Emma pursed her lips. “Sally Pyne has been known to turn a crumb of information into an entire loaf. We don’t know for certain what she found in Katrina’s room, do we?”
“It should be easy enough to check out,” I said. “No one gets financial backing for something as unwieldly as a museum without leaving a trail.” I glanced at Emma. “Would you . . . ?”
Her nod lacked enthusiasm. “I’ll search the Net for any mention of the Culver Institute, but . . .”
“But?” I prompted.
“But I think you’re on the wrong track.” She put a hand up to hold her glasses in place, slid off the bridge, and landed with a controlled splash. “Come on in; the water’s fine.”
The water was, in fact, just this side of arctic, but I jumped in anyway and tottered after Emma, gripping the slippery rocks with my toes as the brook foamed around my calves and ankles.
“The eyewitnesses don’t seem to be coming to you,” Emma was saying, “so you should be going to them. Nothing goes unnoticed in a village. I’d suggest you try—No! Stop!
Heel!
”
The cry came too late. Ham had exploded from the bank like a furry avenging angel, tickled pink to find a pair of playmates in the water. He barreled into Emma midstream, Emma grabbed at me, and we both sprawled backward, arms windmilling wildly. Our landing made a splash that should have flooded the meadow.
Emma floundered, spluttered, then sat up, laughing. “I’m not hot anymore,” she managed, “but I think parts of me are going numb.”
I clambered to my feet, pulled Emma to hers, and scrambled up the bank. We grumbled halfheartedly at Hamlet as we followed him into the meadow, and he responded by giving us a bone-chilling shower as he shook himself dry. When Emma ordered him to sit, he stretched out in the sunlight and closed his eyes.

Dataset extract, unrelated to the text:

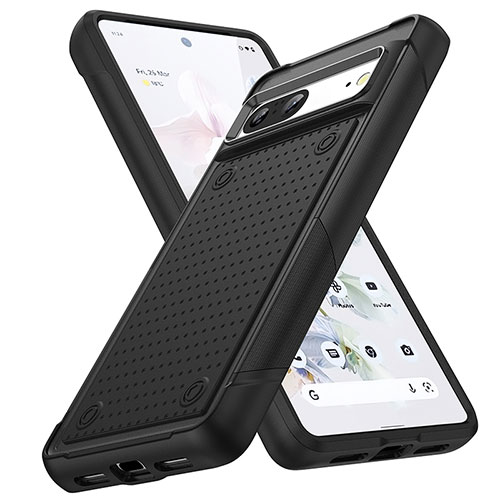 Silicone Matte Finish and Plastic Back Cover Case 360 Degrees MQ1 for Google Pixel 7 5G Black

I pushed my wet curls back from my forehead and followed his example. “Should’ve dumped Bill in the brook last night,” I commented, turning my face to the sun. “It would’ve sobered him up faster than thyme honey and tea.”
Emma wiped droplets from her glasses. “You seem awfully complacent about Bill’s delicate condition,” she observed. “Derek said you were breathing fire last night. How did Dimity manage to calm you down?”